Ağlamamız bittiyse nedenlerini konuşalım
Aylar öncesinden haberdar olunan bir süreçti bu. Yani, Federal Alman Meclisi Bundestag’a geçen yıllarda verilen Soykırım Yasa Tasarısının devreye sokulması ve ciddiyet kazanmasının evveliyatı en azından 5-6 ay...
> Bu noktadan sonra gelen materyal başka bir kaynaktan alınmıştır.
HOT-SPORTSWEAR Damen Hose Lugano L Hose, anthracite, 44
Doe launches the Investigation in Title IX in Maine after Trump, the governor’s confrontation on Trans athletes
Aylar öncesinden haberdar olunan bir süreçti bu. Yani, Federal Alman Meclisi Bundestag’a geçen yıllarda verilen Soykırım Yasa Tasarısının devreye sokulması ve ciddiyet kazanmasının evveliyatı en azından 5-6 ay öncesine dayanıyor. Peki aylar öncesinden haberdar olunan bir sürece neden bu kadar geç müdahale edildi? Kimse sormaz mı bunun hesabını? Tam “Bon pour l’orient” hesabı rehavet içinde bekleyen şarkiyat enstitüsü son anda devreye girdi. Sonuç; büyük tantanalarla düzenlenen Soykırım Yalanını protesto mitingleri fiyaskoyla sonuçlandı. Üstelik mitinglerde hiçbir ideoloji dışlanmamasına ve STK’lar düzeyinde ulusal birliktelik sağlanmasına rağmen. Dışişleri Bakanlığı, Başbakan Yardımcılarına bağlı Yurtdışı Türkler ve Akraba Topluluklar Başkanlığı, Berlin Büyükelçiliği, konsoloslarımız neredeydiler? Bu gelişmeden haberdar olmamaları mümkün müydü? Sonra da bazıları oturup yazıyor ve “Almanya’da 50 bin nüfuslu Ermeni diasporası 3,5 milyonluk Türkiyeli nüfustan çok daha etkin” diyor. Hepimiz biliyoruz ki bırakın Atatürkçü Düşünce Dernekleri Federasyonu ya da UETD gibi etkin teşkilatları, Millî Görüş’ün bir işaretiyle Berlin’de 30 bin kişi bir araya gelirdi ve hiç olmazsa çıkardıkları ses bir şekilde Bundestag duvarlarında yankılanırdı. Sonra da sorup duruyoruz diaspora neden etkin değil diye.